Breinaalden door kolommen
Er is een groeiend besef dat er voor de taaie stedelijke vraagstukken waar Amsterdam voor staat, een andere manier van organiseren nodig is. Dat is inmiddels oud nieuws. We staan midden in een ontwikkeling, waarin de organisatie voortdurend op zoek is naar manieren om zich te bevrijden van patronen die hun nut in het verleden bewezen hebben, maar die inmiddels worden beschouwd als systeembarrières. Er worden allerlei vormen van programmasturing, actiecentra, doorbraakteams en regietafels georganiseerd. Organisaties worden ‘omgekanteld’. In ronkende sheets wordt betekenis gegeven aan kreten zoals ontkokering, doel- en opgavegerichtheid, wendbaarheid, worden er breinaalden door kolommen gestoken en symbiotische netwerken en ‘ecosystemen’ uitgetekend. Het lijkt een queste waar geen eenduidig solide antwoord op is. Zodra je iets stolt, verliest het zijn veerkracht en blijkt de omgeving weer om een andere vorm te vragen.
Lek gestoken
Het is dan ook verdomd lastig om strategische ambities van wolkenfietserij naar de weerbarstige praktijk te vertalen en te verzilveren, en als er dan eindelijk vanuit de klei een geweldig initiatief opborrelt, wordt het vervolgens lek gestoken, omdat er geen eigenaar of sponsor voor te vinden is of wordt er verwezen naar elders in de organisatie. Er zou sprake zijn van een ‘tactisch gat’.

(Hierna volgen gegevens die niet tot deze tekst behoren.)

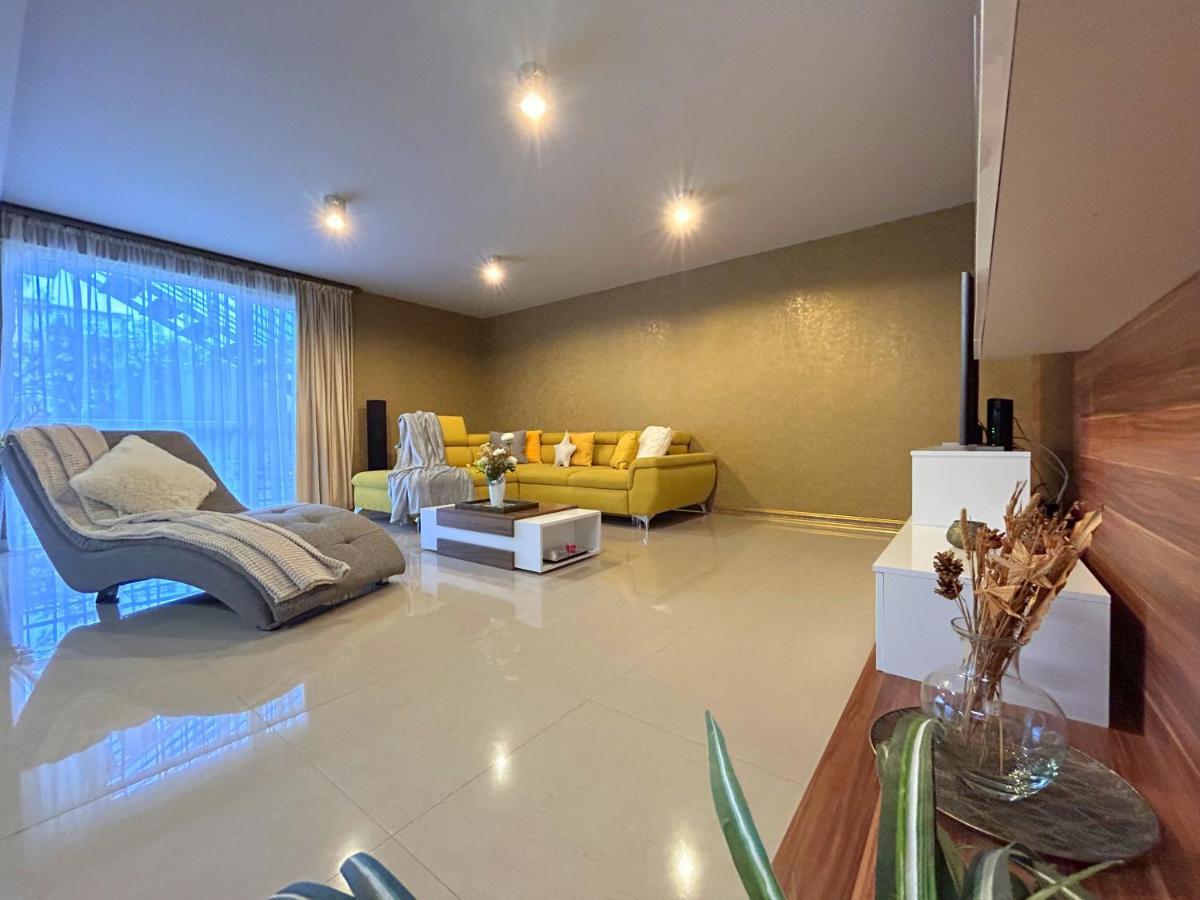 Thea Apartment 티미쇼아라 외부 사진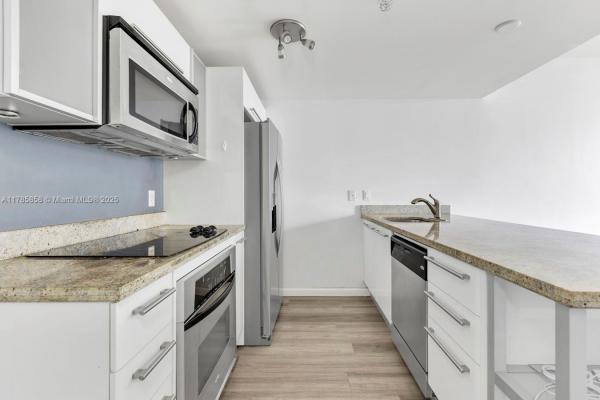 Latitude On The River, 185 SW 7th St #1508, Miami, Florida 33130, image 2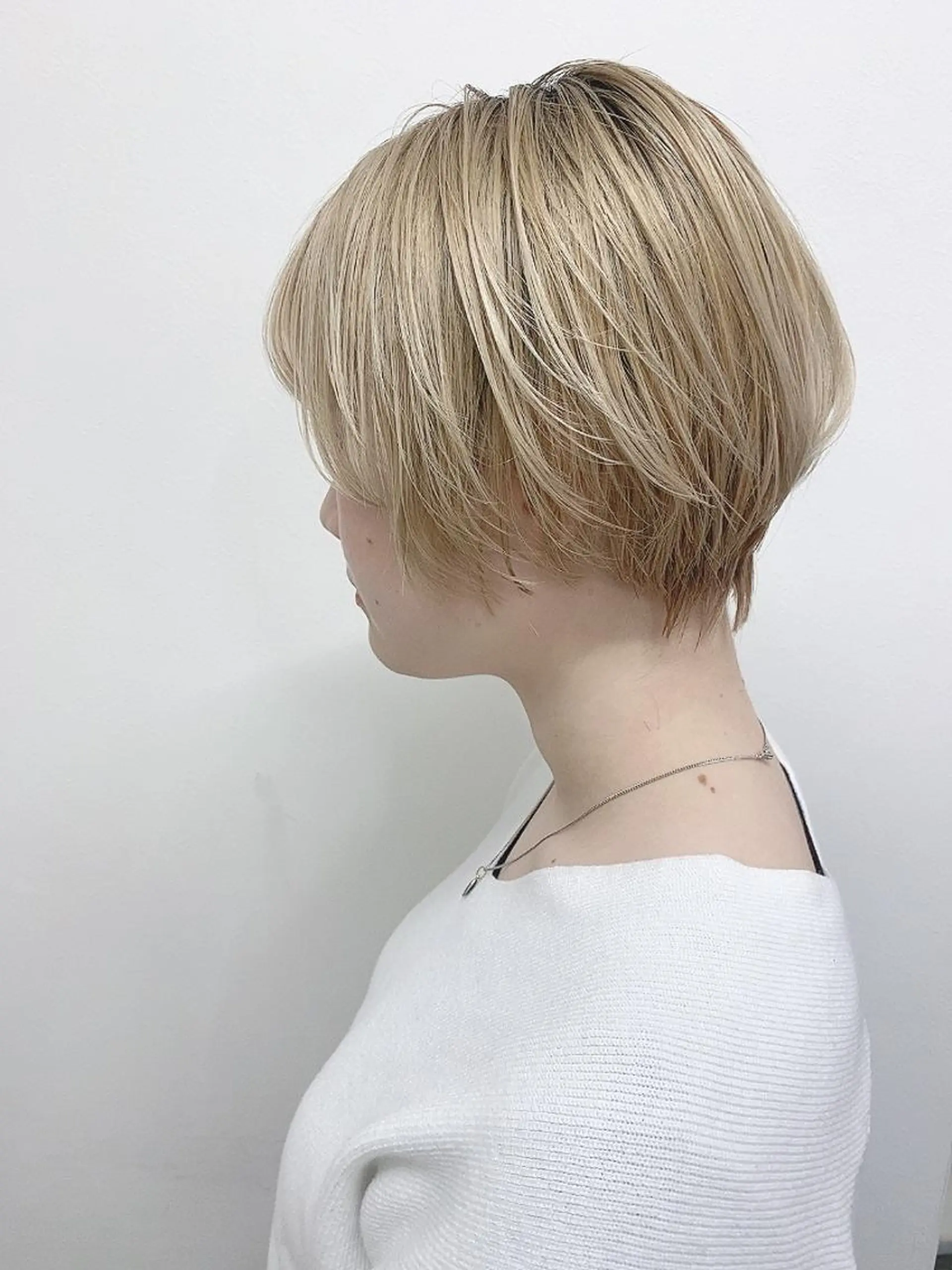 ショート カラー 肌に馴染む暗髪 梅田・増田のヘアスタイル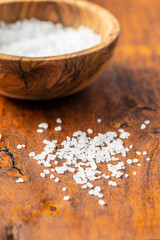 White coarse grained salt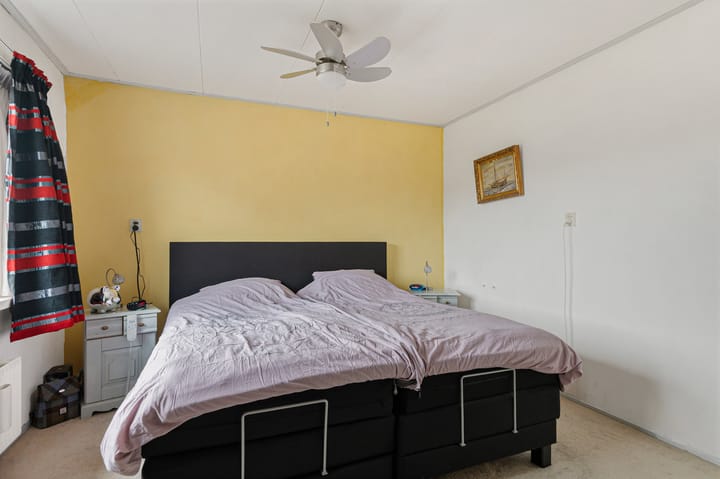 Photo 21 of Kamperfoelieplein 25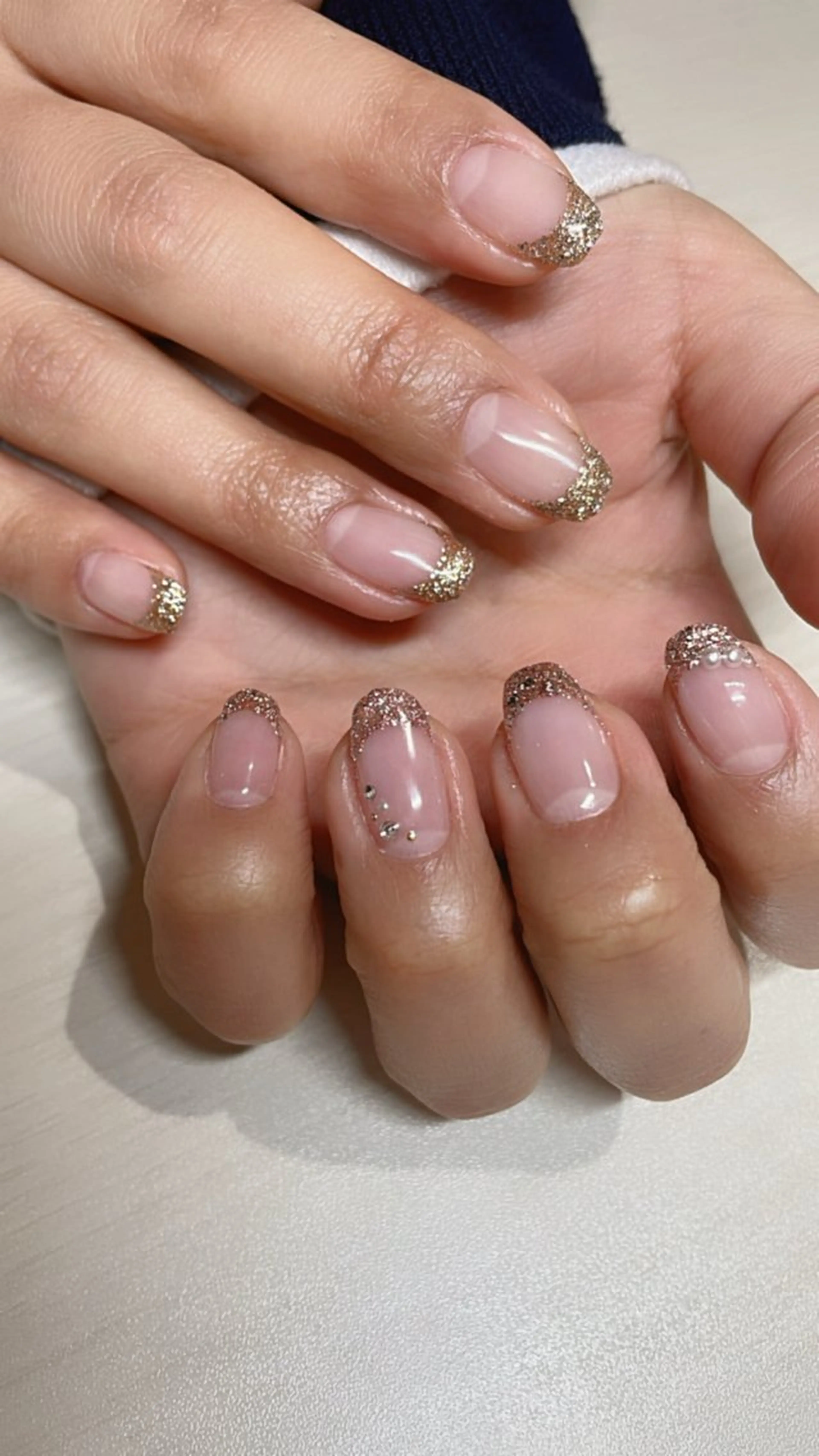 ネイル フレンチネイル ラメ(グリッター) ハンドネイル Beautiful Meかえでのネイルデザイン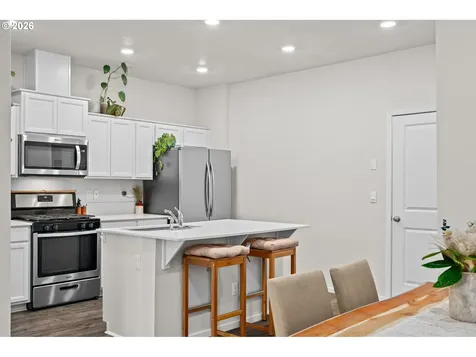 821 N 19th Avenue Cornelius OR 97113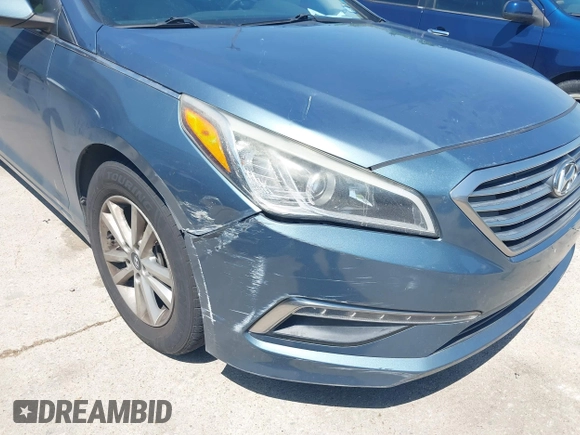 2015 Hyundai Sonata SE z VIN 5NPE24AF2FH243041, wystawiony jako IAAI lot #41978209 z przebiegiem 132 606 mil mil oraz . Historia ofert i sprzedaży dostępna na DreamBid. Obrazek 6.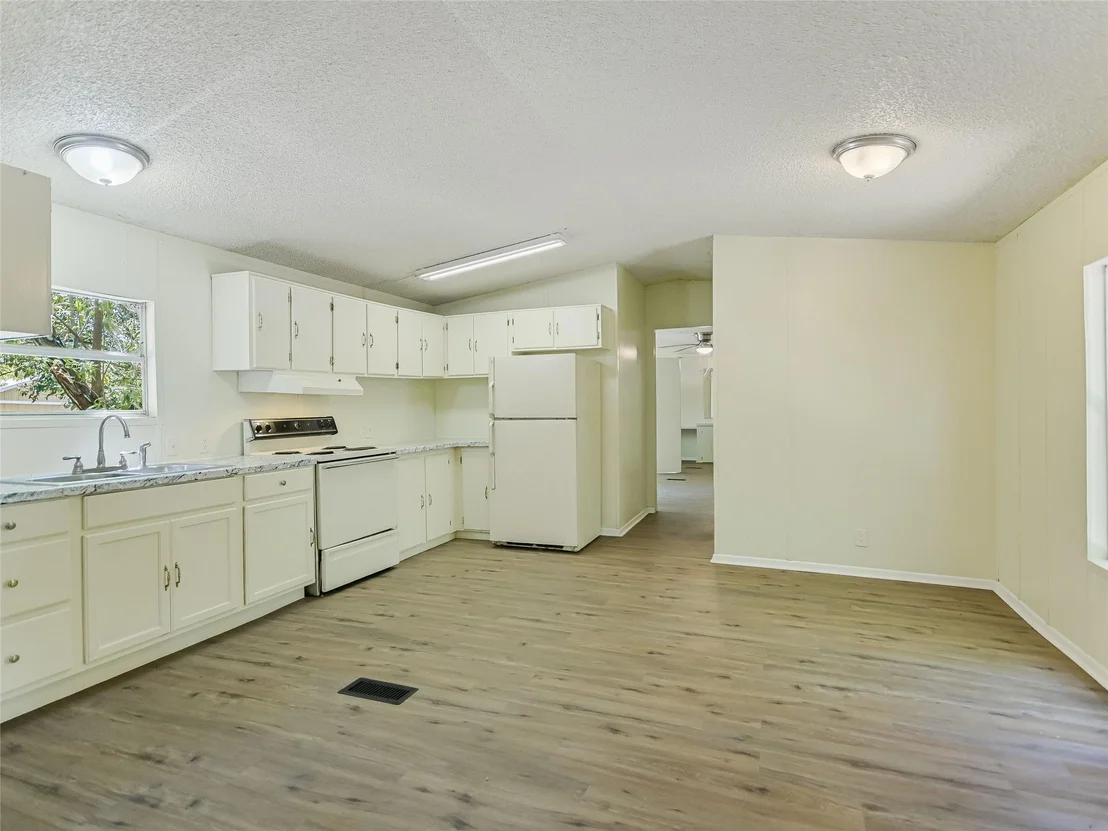 Photo of 12965 River RD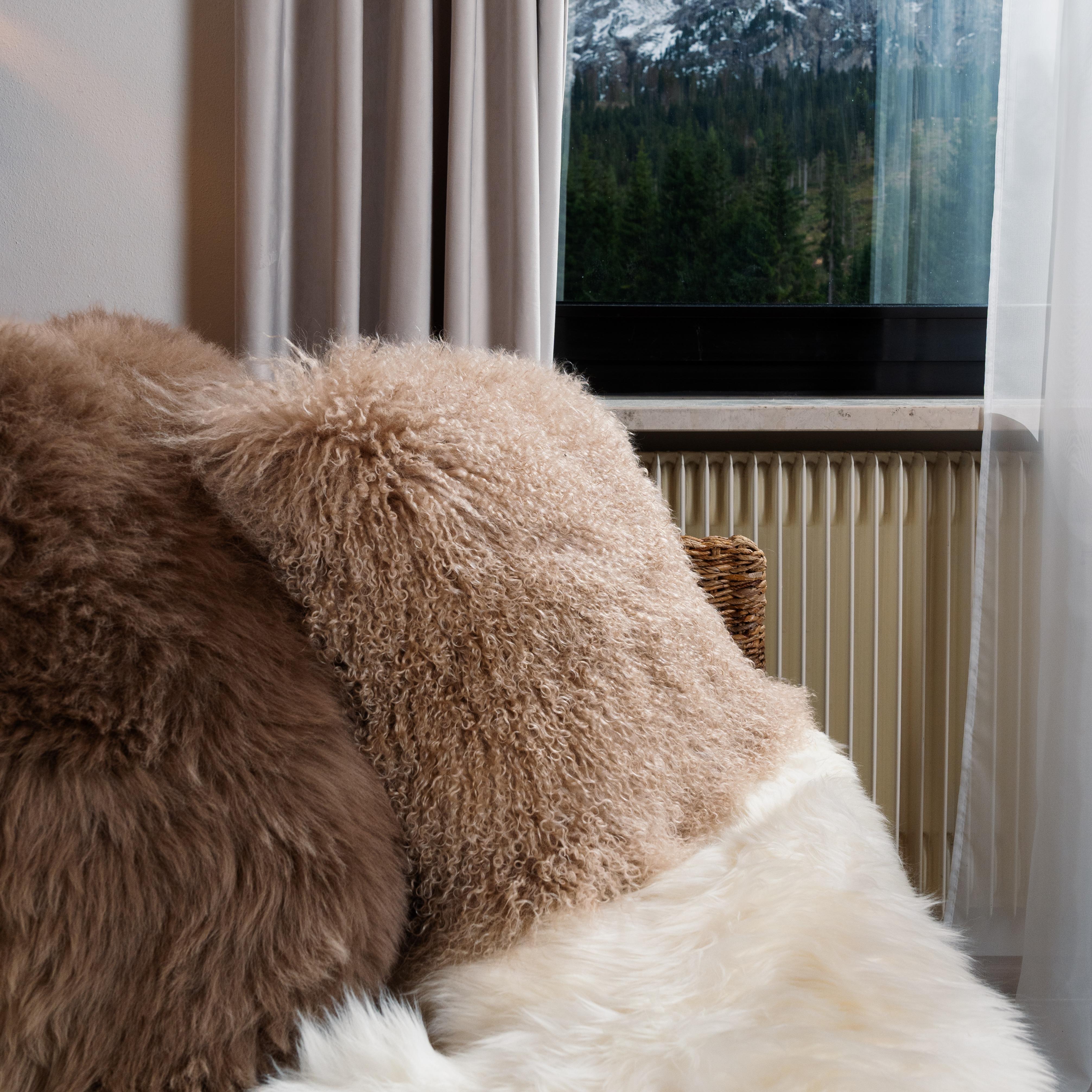 Cojín Cuadrado Beige Cordero del Tíbet by Muchi Decor, Made in Italy Siglo XXI y contemporáneo en venta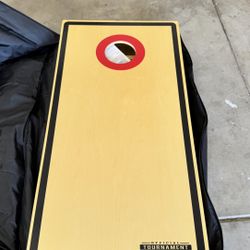 Cornhole Set W/Carrying Bag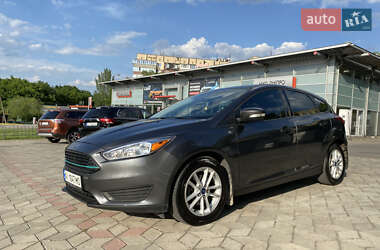 Хетчбек Ford Focus 2016 в Дніпрі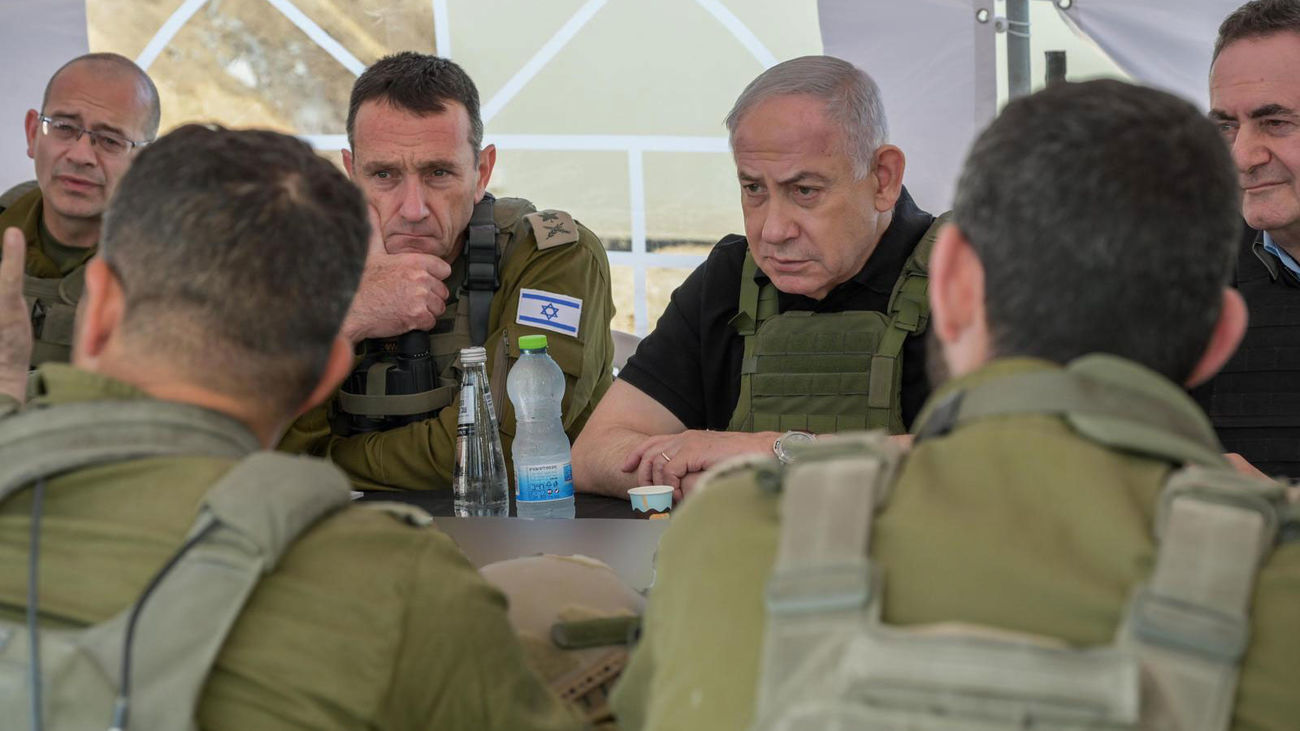 Netanyahu con su cúpula militar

Laten we ons niet misleiden door de vrijblijvendheid die schuilt achter het woord Koppelkansen. Het is eigenlijk een koppelnoodzaak. De problematiek is urgenter en ingrijpender, dan dat het belegd kan worden in een ‘proeftuin’, ‘adaptive lab’ of werkatelier. ‘Koppelkansen’ is volgens mij juist een beweging die vooral gaat over doen; nú doorbraken forceren, buiten de lijntjes kleuren. Liever achteraf ‘sorry’ zeggen dan toestemming vragen. Misschien zelfs guerrilla. Het is mijns inziens van essentieel belang dat de lijnorganisaties met deze beweging in hart en nieren verbonden zijn. Het gaat natuurlijk in de eerste plaats om het kunnen profiteren van de opbrengst van de koppelkansen zelf, maar juist ook om ondertussen te kunnen leren van de krachten die achter dysfunctioneel geworden patronen en systeemeigenschappen zitten, en ze om te vormen naar echte systeemvernieuwing. Dat zit in de manier van sturen, financieren, besluiten, verantwoorden, controleren en risico’s beheersen; bouwend naar een steeds toekomstbestendiger Amsterdam.
Even voorstellen: Sander Cedee
Ik ben als organisatieadviseur sinds kort verbonden aan Koppelkansen. In de loop der tijd ben ik enigszins gespecialiseerd geraakt in organisatie-ontwerp, en dus verheug ik me op wat voor ontdekkingen er allemaal worden gedaan rondom de realisatie van koppelkansen. Ik verheug me dus eigenlijk op de ‘beren op de weg’, die uiteindelijk misschien wel fantomen blijken te zijn. Regelmatig doorkruis ik Amsterdam met de fiets en dan voel ik een soort mix van trots en liefde als ik op brede rode fietspaden, langs drijvende tuinen en voortdurend afwisselende sferen op straat, praktisch met geen enkele auto in de knel kom, en mijn fiets ondergronds parkeer in een constructie die me doet denken aan een Guggenheim Museum. Hier regeert de menselijke maat. Ik neem dan de voortdurende straatopbrekingen en de filevorming van fietsen maar voor lief.